We are celebrating 10 years of Umami Mart's blog this year. I get verklempt thinking about it. People often ask, "Did you ever expect that Umami Mart would become what it is today?" Some people think it was all in the plan from the beginning. HA! We started, and continued, the blog for pure FUN. We were a tight-knit group of 20-somethings, spanning continents, sharing stories about diarrhea-inducing fish, Faggy Foods, Barbie Doll cake recipes, subpar visits to the Maid Cafe, and much, much more.

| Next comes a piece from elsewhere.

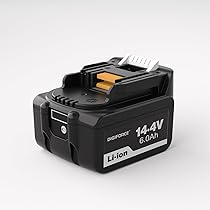 Amazon.co.jp: DIGIFORCE マキタ 14.4V バッテリー 互換 BL1460B 6.0Ah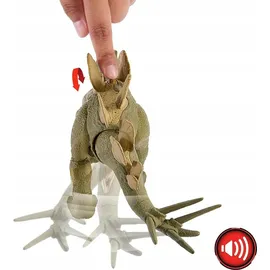 Jurassic World Wild Roar Hesperosaurus, Spielfigur 30 cm - Mehrfarbig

Launched in February 2007 as umamimart dot blogspot dot com, the blog amassed a loyal following who enjoyed our honest voices and irreverent ways. This was during an exciting time for the food world – Momofuku had just opened in New York and Tokyo was not nearly as much of a bucket-list destination as it is today. I'd like to think we gave all the burgeoning foodies a unique, unapologetic perspective. Far before Pete Wells gave Per Se a two star review in the NYT (fake news), we were giving Le Bernardin 2.5 stars – in one of our most controversial, real news posts in Umami Mart history.
Everyone who has written for the blog is hysterical, yet serious, and was always destined for great things. What are we all doing 10 years later? Anders, our resident Skank Master, founded Studio Arhoj, his own design company in Copenhagen. Aya is a brilliant playwright and Irwin still sends us entries for the UM Reader -- they are raising two awesome boys in Brooklyn. Payman, who started writing on here as a lawyer-by-day/cocktail-enthusiast-by-night, has become a well-regarded bartender in Asia, LA, and NYC. Erin was a photographer living in NYC, trying to break into the food world, and contributed here from the beginning with her Culinography column. Today, she is the maiden of the Forest Feast empire. MOTO is a popular cooking instructor in New York who comes up with elaborate menus for his loyal clientele. And he's getting married this year! Yoko's Japanify column, started when she moved back to Berkeley from Tokyo, is widely read for its simple recipe and warm photos, which inspired our first print publication, Japanify All Day.
I'm in the Bay Area, where Yoko and I run a little shop... called Umami Mart!!!
The blog is continued today, mostly thanks to renewed life infused by our very own Sarah. There are nearly 3000 articles on here and most are still worth revisiting. There is nothing that brings me greater joy than our blog – we are all family and this is our home.
For kicks, I leave you with Yoko and my very first blog posts for Umami Mart, written during a time when I never capitalized words and the photos were very miniscule.
food fight in my first post!
February 25, 2007
after years of talking about my elusive food blog, here it is! and while i’m not sure how this blog will manifest itself–how i will organize it, how often i will post, when i will figure out how to post pictures (help!), etc.– it will always be about food in one capacity or another.
and what fun! a food fight in my very first post! the curtain went up on wednesday on Theater Chodorow, when he took up a full page ad in the NY Times (upwards of $30k!) to throw a hissy fit like small whiny child about Bruni’s zero star rating for his joke of a new restaurant, Kobe Club. read the letter for yourself here (article by former NYT Dining alum Mimi Sheraton).
my big questions is will Bruni respond? the sissy that he is, my guess is probably not. and while i couldn’t help but agree with Chodorow on a few points, mainly about Bruni’s consistency, all in all, we’re talking about about a man who renamed one of his defunct restaurants “Caviar and Bananas” and who thinks that having 2000 samurai swords dangling above you while you wait for your $200 steak would be a thrilling experience. and with the birth of his new blog, to review and rate every restaurant that Bruni reviews, calling it “Following Frank”. it seems that Chodorow is already onto his next gimmick– maybe i can ride that by starting a section, “Kayoko following Jeff following Frank”. whaddya think?
Why I can't write a review on Matsuya
March 3, 2007
Maybe it’s an ominous sign that my first blog entry as the Tokyo correspondent for Umami Mart is about being unsuccessful on my first assignment – write a review on Matsuya.
There are a slew of other teishoku (set meal) chain stores like Matsuya – i.e. Yoshinoya, すき家, etc. These are establishments that serve set meals and a la cart (see Menu picture) dishes. Lots of beef bowls, curry, rice with condiments, etc.
As an American girl, I find it hard to find these places inviting. They are usually lit excessively by rows and rows of fluorescent lights where under them sit rows and rows of stag diners – all male. This is definitely not a place to enjoy a meal – in fact, I think enjoyment is restricted. Meals run very, very cheap – a curry meal or a beef bowl for 300-400yen (about $2.50-3.50). With these prices, one must assume that ingredients come shipped in bags, prepackaged with preservatives.
I don’t consider myself a food snob, but it’ll take me a little more convincing to visit a Matsuya or Yoshinoya. Besides, I’d rather go to the local fish market and eat this (a hefty portion of shimesaba and fresh salmon sashimi) for 700yen (about $6) in the comfort of my own home.